Mr. Dalton and Mr. Richmond sometimes ate the evening meal with us, and I sensed that they imposed upon us not only because they had taken to Andrew but also because our hospitality allowed us, in a small way, to compensate them for the pains they had taken on our behalf. Dalton and Andrew talked at great length about land clearance. Mr. Richmond said little, but he did not seem uneasy or resentful of Mr. Dalton’s interest in us. I surmised that Mr. Richmond was simply a quiet man, who rarely found in the routine of ordinary life circumstances that required speech.

While Andrew and Mr. Dalton talked-of how we were neglected by the East, of how the government in New York (and then Philadelphia) would not send soldiers to fight the Indians, and of how Hamilton’s schemes in the Treasury Department would destroy the poor man for the sake of the rich-Mr. Richmond would sometimes aid me in washing and replacing the dishes. He might sit with me while I spun or sewed, content to sip his whiskey and look as though he thought about significant things. Once, however, he turned to me and offered me a rare smile of crooked teeth. “Andrew is a great friend to him.”

There was something more than his words to what he said, but I did not understand it. I only replied simply, “I am glad of it. You have both been good to us.”

Richmond said nothing, and then, after a moment, “ Dalton is a good friend to have, but not to take advantage of.”

“I can assure you, Mr. Richmond, that Andrew would never-”

“I know Andrew would not,” he said.

I could not have been more surprised had he struck me. Did he accuse me of in some way abusing Mr. Dalton’s kindness? I turned to him, but he only shook his head, as if to say that the subject had been exhausted, and with that he left the room.

O ne night we sat with Mr. Richmond and Mr. Dalton, this time joined by Mr.

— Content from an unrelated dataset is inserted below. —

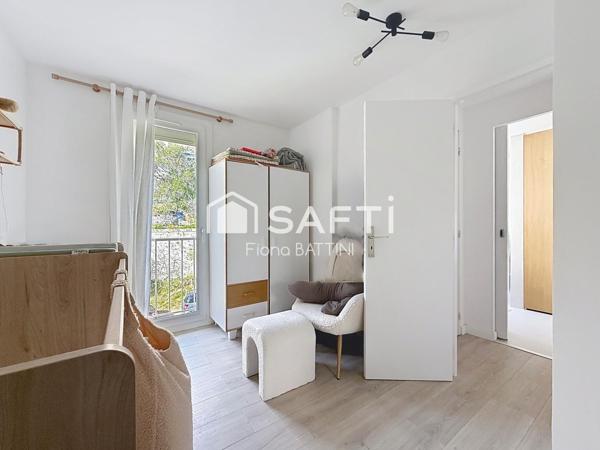 F3 au calme dernier étage vue mer Parc Berthault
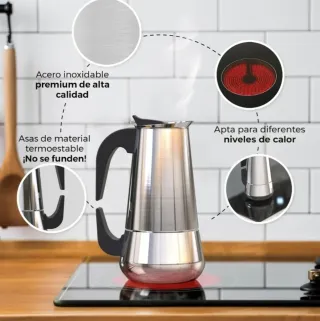 Cafetera Italiana Nueva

Skye, the five of us enjoying some precious tea and sweet corn bread following a meal. Skye happened to glance over to a little round table next to our rocker upon which sat my copy of Postlethwayt. This interested him at once, and after rising to inspect its edition and condition, he inquired of Andrew what he did with such a book.

“’Tis not mine,” he said. “In truth, it’s too dull for me.”

“You, madam?” asked Skye. “You have an interest in finance and economical matters?”

“I do,” I said, feeling myself redden. I was not quite ready to reveal myself to be a budding authoress.

It was fortunate that he spared me a request for further explication. “Then perhaps you have some thoughts upon the latest news, just arrived in a mule train from the East this very day?” His gray eyebrows raised in amusement, or perhaps anticipation. “I spent the afternoon reading through the newspapers, and I cannot credit what I have discovered.”

“Then tell us,” said Andrew.

He smiled, clearly pleased to be the one to relate it, yet I could see it troubled him too. “The new treasury minister, Alexander Hamilton, has appointed an immediate assistant, the second most powerful man at the Treasury. With the influence that department is gaining over George Washington and the federal government as a whole, it makes him well near one of the most powerful men in the entire country. Can you guess of whom I speak, for he is known to us all?”

Dalton snorted. “We have no idea, so out with it, man.”

Andrew smiled. “I have no idea, but look at Joan. I think she knows.”

I had opened my mouth, but I had not yet spoken. It seemed to me impossible, but I could think of but one man who met the criteria Mr. Skye had outlined, and I could not, at first, bring myself to say his name out loud. “No,” I managed at last. “Not William Duer?”

Skye nodded. “How ever did you guess it?”

“She didn’t guess it,” said Andrew. “She merely drew the only logical conclusion. I did not myself, but now I see how she did so. He is, after all, the only man known to us all, and he did speak of his close ties to Hamilton when we met him.”

Dalton actually snarled in disgust. “It makes me ill to think that a man like Duer, who has made his living by cozening patriots, should be rewarded with such power and influence.”